17. A system, comprising:

a neurostimulator configured to deliver electrical energy according to a stimulation parameter set, wherein the stimulation parameter set includes at least one adjustable parameter;

a processing system configured to perform a testing process to test delivering electrical energy by automatically progressing through a sequence of values for the at least one adjustable parameter in the parameter set, wherein a first value and a second value in the sequence of values are separated by an initial parameter change interval and a second to last value and the last value in the sequence of values are separated by a final parameter change interval, and wherein the progressing through the sequence of values includes reducing the parameter change interval from the initial parameter change interval to the final parameter change interval.

18. The system of claim 17, wherein the automatically progressing through the sequence of values includes using a same parameter change interval to progress through at least two consecutive values in the sequence of values and subsequently reducing the parameter change interval before progressing through a subsequent value in the sequence of values.

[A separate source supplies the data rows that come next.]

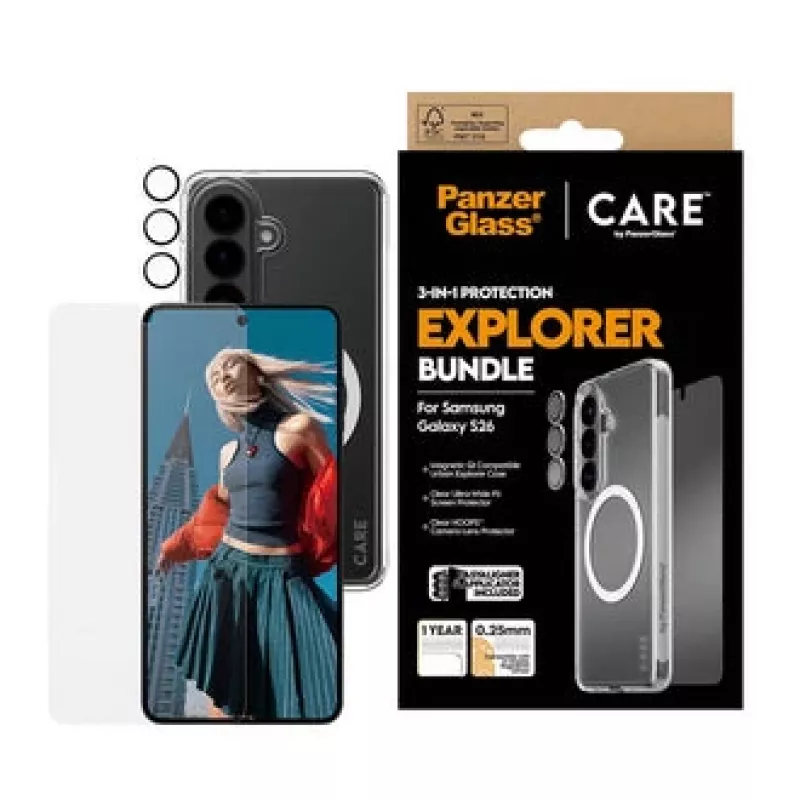 PanzerGlass CARE 3-in-1 Displayschutz für Samsung Galaxy S (2026) – PanzerGlass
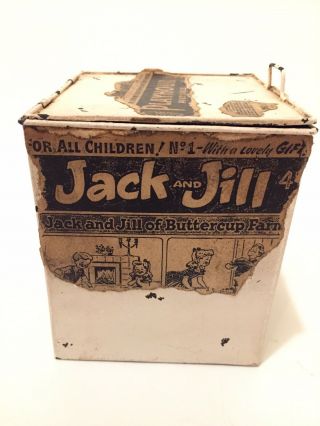 Vintage Harold Jack In The Box 50s 60s Clown Tin Box 5/8” 30 - 997 (600017) VTG 8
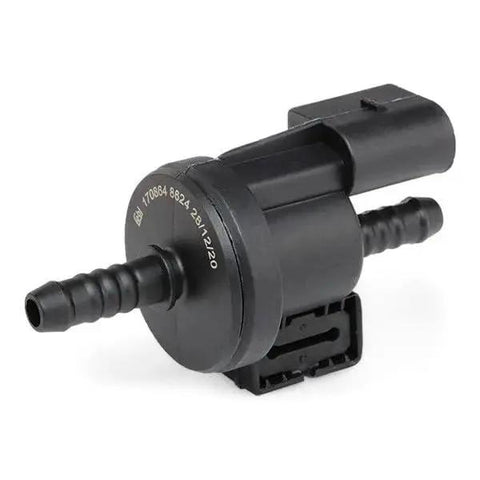 Front view of Original Equipment Vapor Canister Purge Valve For EVAP System OEM Grade CPV Replacement Direct Fit For Vehicles By Bosch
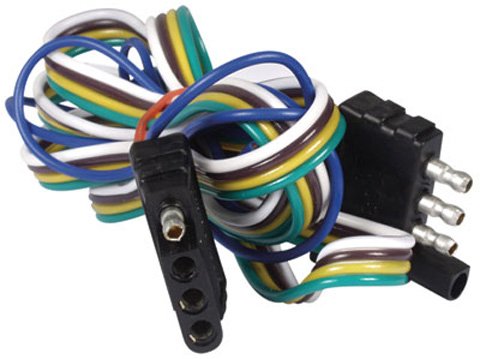 Picture of Optronics AL145PWTBP Female Weathertight Pigtail Connector with Male PL3 Plug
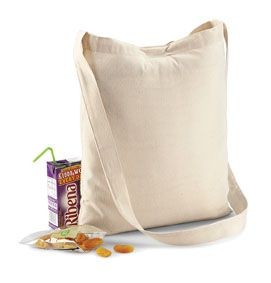 Picture of ORGANIC COTTON SLING SHOPPER TOTE BAG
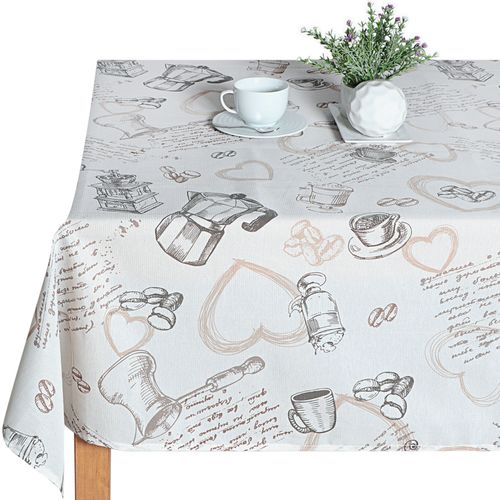 Toalha De Mesa 140X140 Basic Coffee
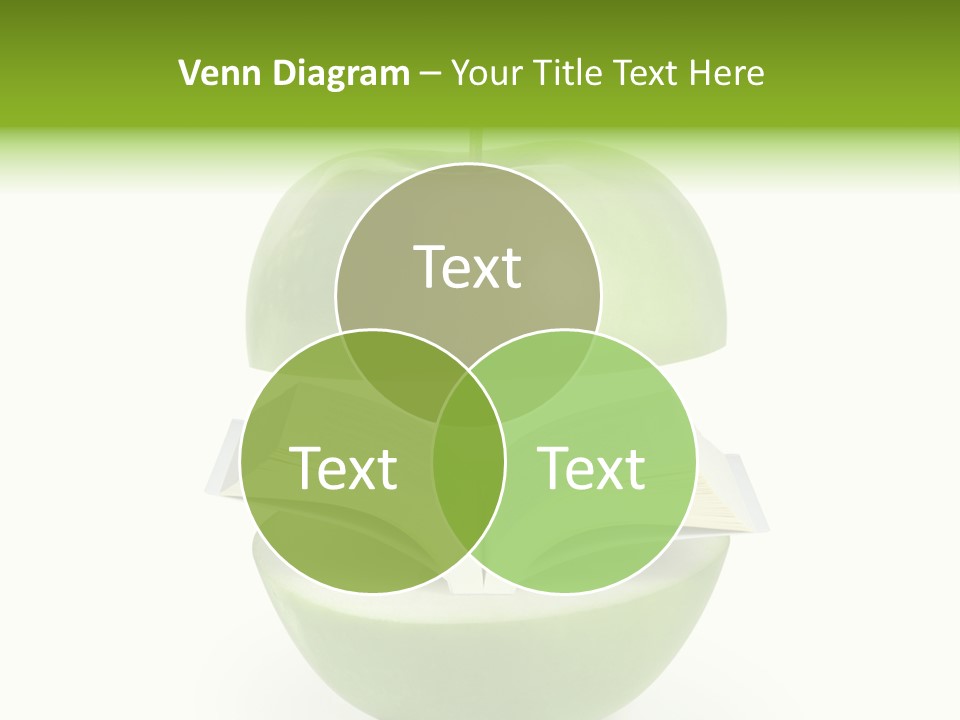 A Book In An Apple PowerPoint Template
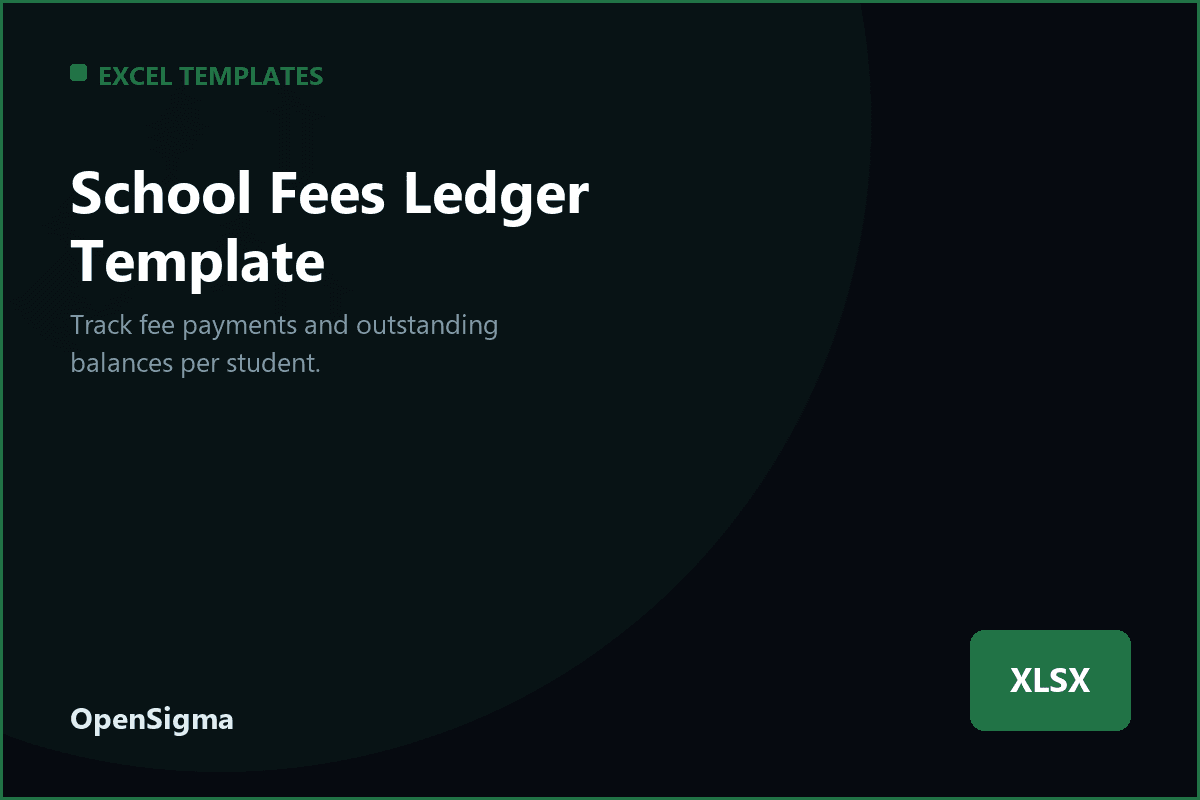 School Fees Ledger Template
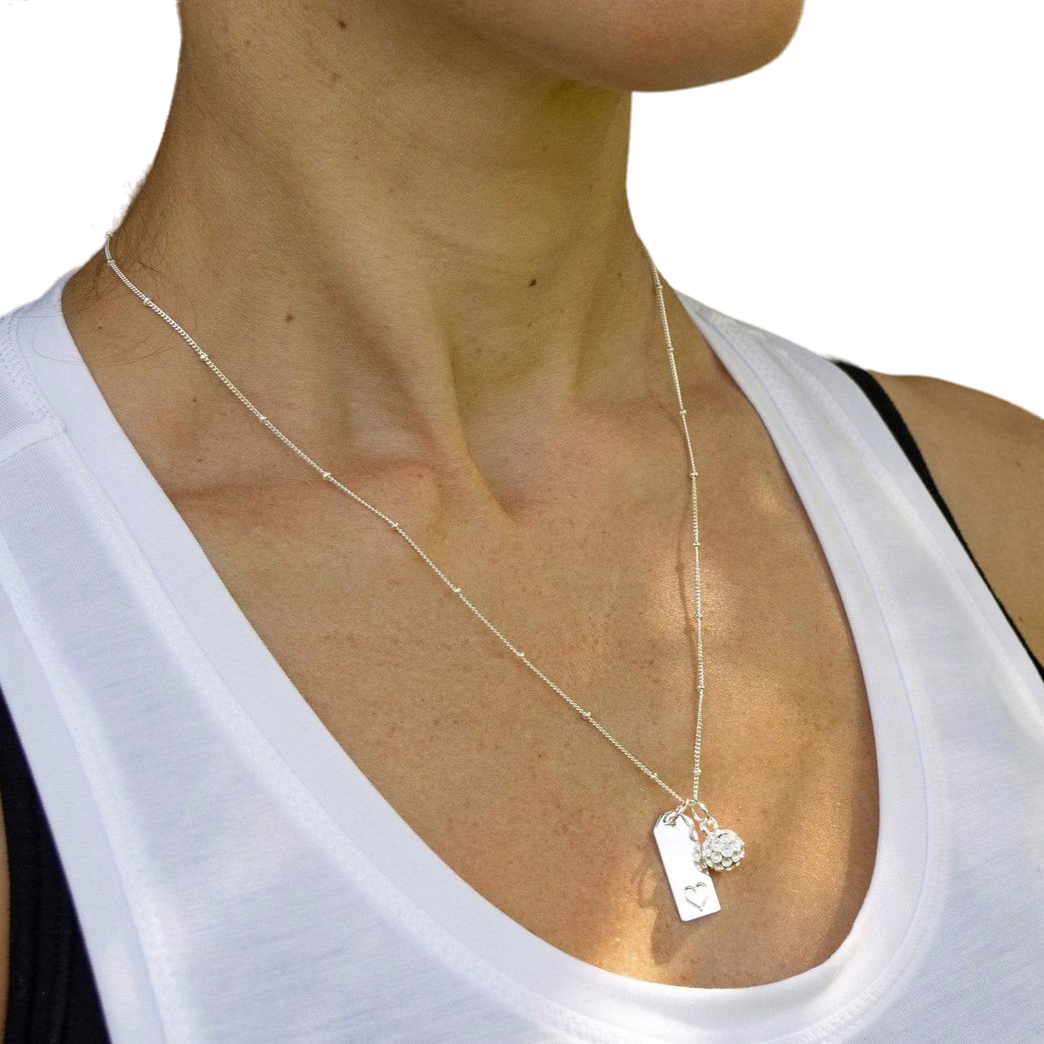 Golf Goddess Golf Coach Charm Necklace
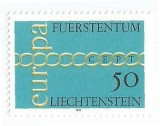 |Lichtenstein, Europa CEPT, 1971, MNH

19. The system of claim 17, wherein the automatically progressing through the sequence of values includes using at least three different parameter change intervals to progress through three consecutive values in the sequence of values.

20. The system of claim 17, wherein timing for delivering electrical energy using a current one of the sequence of values before moving to a subsequent one of the sequence of values is longer than a wash-in time for the electrical energy to cause a neural stimulation effect.